The Dungeon Master's Screen

Over the years I have seen plenty of argument for and against them. I have used a DM screen since my earliest game sessions in 1983. Back then when playing AD&D, it was originally so I could easily reference the attack matrices. But as I started to grow as a storyteller the screen began to add a sense of mystery to the table. In those earlier days I often would spend hours drawing NPCs, locations, and treasures. I wanted everyone at the table to have a unified vision of certain things. Being able to spread them out behind my screens before the big reveal was very helpful.

The sense of the unknown that the DM screen provided just became part our table sessions. Fast forward to 2016, and I still use a screen but not in the traditional sense any longer. Now I use it to hold tokens, conceal enemy miniatures, and keep handouts at the ready. Sure we are all adults, but that simple barrier helps to make sure surprises are not spoiled. My screen also serves as a tool to display my initiative tracker, which are simply close-line pins with all the player names on them. Having it elevated and in plain view helps to speed combat along and put players on notice when it’s their turn.

The argument against using a DM screen as I do, or for reference, always involves dice. Some DM’s prefer being completely transparent by rolling everything in the open. My own style is to roll the majority of the time behind the screen. Then for the big moments I roll in plain view to create tension and get everyone on their feet.

Another concern often voiced is not using a screen prevents temptation for a DM to fudge a die roll. At the end of the day, role-playing games are a social activity designed to create a fun experience together. The dice can be cruel masters and the players suffer them every time they roll already. No DM should be ashamed to occasionally fudge if it moves the story forward in a positive way. Sometimes the dice are there just to make noise. If the players don’t trust the DM to play fairly then perhaps they should consider other options.


The other argument is that anything which separates the DM from the players is detrimental for the game. Three decades and thousands of hours at the table later, I cannot agree with that statement.

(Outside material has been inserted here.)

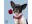 Bild 3 Dog with a mission Halsband Bonnie, XS, 2 cm, Halsumfang: 23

Never once has a player pulled me aside and said, “Hey…umm…that screen makes this experience feel more adversarial and less collaborative.” That being said, I respect the style choices of other Dungeon Masters, even if I don’t agree with them.

Now in terms of gear, I use a Dungeon Master’s Keep, originally purchased from Gale Force 9. I find the visual of a castle at the table adds several levels of badassery to the environment. The dice tower allows the DM to easily roll dice onto the player’s side of the table. I’m not sure of its availability any longer, but Fat Dragon Games currently makes a cool paper cut version. I recently ordered the Curse of Strahd DM screen even though its usefulness may be limited. I will probably use it specifically for those sessions just for unique campaign atmosphere.

For game conventions I usually go full DIY and clip together several three ring binders. The portability and cost effectiveness of this method is excellent. Plus being able to customize the art with your own inserts makes it easy to switch from a fantasy game to a sci-fi game in literally seconds. This 2012 video, by Jeremy Tully, shows exactly how to assemble your own DIY screen. Check it out; every screen using DM should have one in their convention pack.

So what type of screen do you use? Also does anyone have any fun stories involving their DM screen? I had a player once who became a legend for tossing dice when they repeatedly rolled a one. During one particular incident, it ricocheted off the wall and into my screen. Since that day I always tell players my screen is an ablative dice barrier!